Ya know...I thought this blogging thing would be fun to pick up again. I should know better. How am I supposed to fit this in? When I started to blog, I needed an outlet. I needed to be able to express myself. I had a LOT of time at home and needed something for myself. I feel like many things have taken the place of blogging.
1) I have a job. I love my job. But my bored days at home have totally changed. On my two days off, I'm running all the errands, catching up with friends for lunch, and attempting to clean my house. I remember when I had time to dream up redecorating rooms and home improvement projects. While we have put in wood floors almost a year ago, my house has virtually stayed in a time warp...frozen in the way it looked 2 years ago. I'm not complaining. I had 4 years of being a stay at home mom in this house (we moved in 2004)and got all that decorating out of my system in that time. If you think I'm kidding, it's all documented in my blog...including before and after pictures!
2) My fourth child just started full time school this year. You think that makes my job easier? Helllooo! Homework? Soccer? Cheer? Daisies? Birthday parties? Puhlease! This girl is busy! How did it all happen so fast?? Ben and Mary have entered the "activities scene" in the past two years. They have doubled the activities that went on my calendar in that short time period...just by becoming school age. My life will never be the same.
3) My brain is scattered. I'm running in three different directions almost every night. I can't think straight. Which makes it very hard to focus on a blog. You don't believe me? I forgot that Abby was at a friend's house tonight and it wasn't until she called me at 8:38pm did I realize she was forgotten. How embarassing! She was with her carpool friend so it's not like a new friend or something. Which is why I guess I forgot. No excuse, though. It makes me think...where is my head??
4) Sam is in his last year of Eighth Grade so we are busy with high school application, practicing for the school play, preparing for Confirmation, and tearing up at every "last" experience he has at the school.
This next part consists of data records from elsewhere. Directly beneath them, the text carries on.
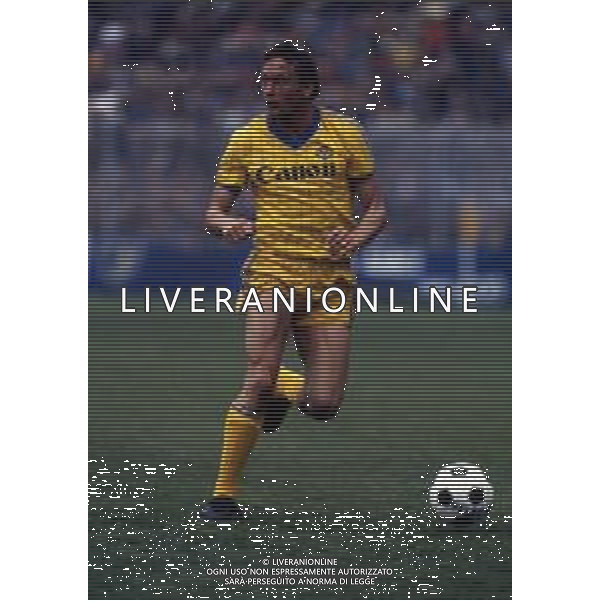 RETROSPETTIVA PREBEN LARSEN ELKJAER CALCIATORE NELLA FOTO PREBEN LARSEN ELKJAER CON LA MAGLIA DEL VERONA CALCIO NELL\'ANNO 1985 AG ALDO LIVERANI SAS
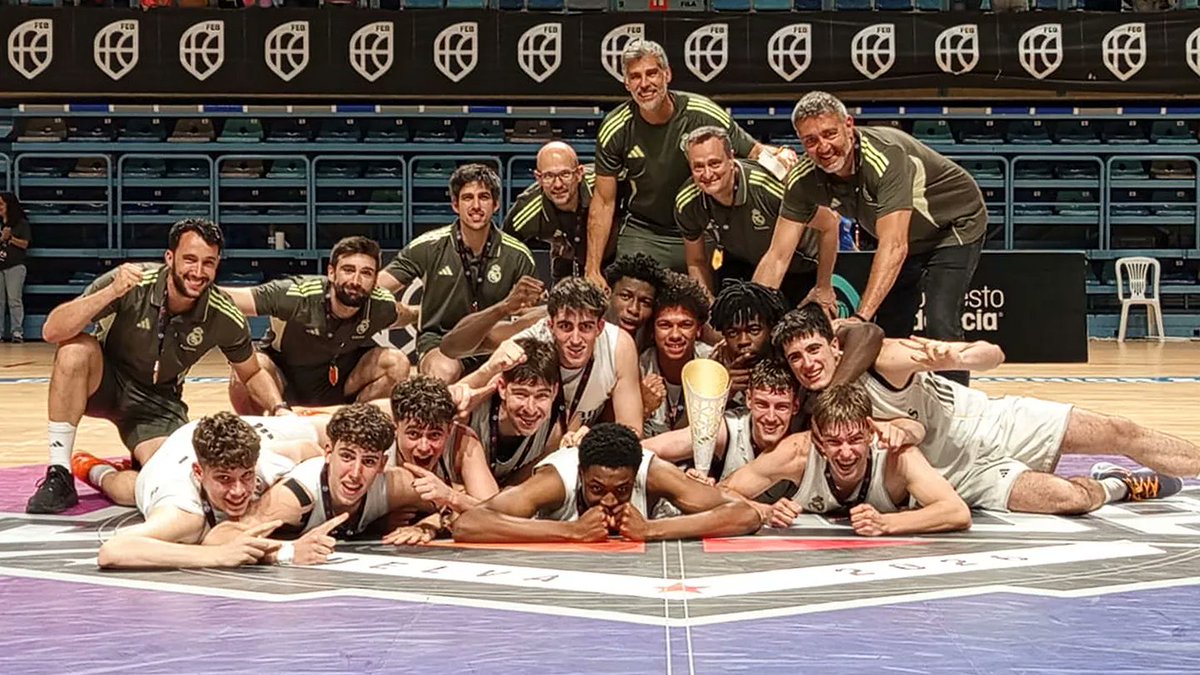 norman826's tweet photo. This has to be one of the most impressive wins in Spanish Junior Championship history, taking down a far more talented Barcelona team that’s absolutely stacked up front. What a gritty group. https://t.co/2Jr1VBEfFp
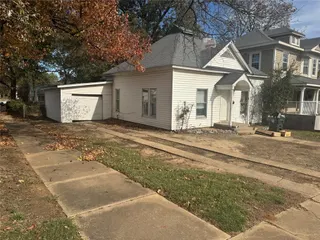 Sold home at 1324 W Broadway Street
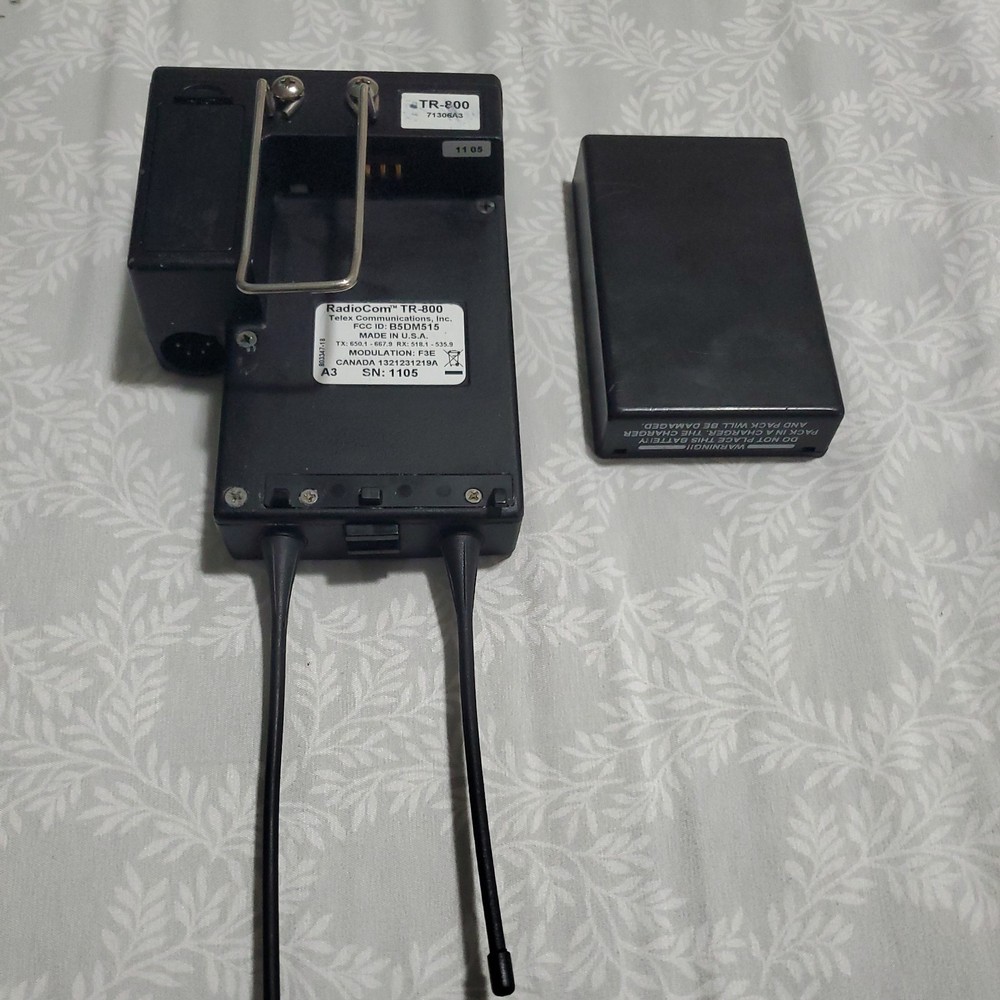 RADIOCOM TR-800 WIRELESS BELTPACK TRANSCEIVER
5) My sister's family lives with us now. I don't know if this is a good excuse for not blogging, but I can say that is totally adds to the lack of focus when you are in a household of 10 people. It just does. I have to admit, she helps me straighten the house and helps with the dishes. Thank God. But there is just a little more chaos and I think whatever form of A.D.D. I have just gets challenged. I don't have an official diagnosis of A.D.D., but focus is definately a problem.
My house groans as it reminesces those days where it was lovingly cleaned up daily. I try to keep up with it, but it's just so hard...so I basically tolerate it. My mom says that me and my sister Lisa do it right. My mom grew up with a house cleanliness obsession. It all had to be perfect or you were unfit to be a wife and mother. I guess these expectations have loosened a little through the years. My house is rarely presentable these days. But I'm not willing to drive myself crazy trying to keep it perfect. So I just have to tolerate it during this busy time in our lives. I refuse to nag and nag to get others to make what is important to ME, important to THEM. It just won't happen. So maybe our mom thinks we are taking a "higher road" by tolerating the mess, but frankly, I don't feel I have much of a choice!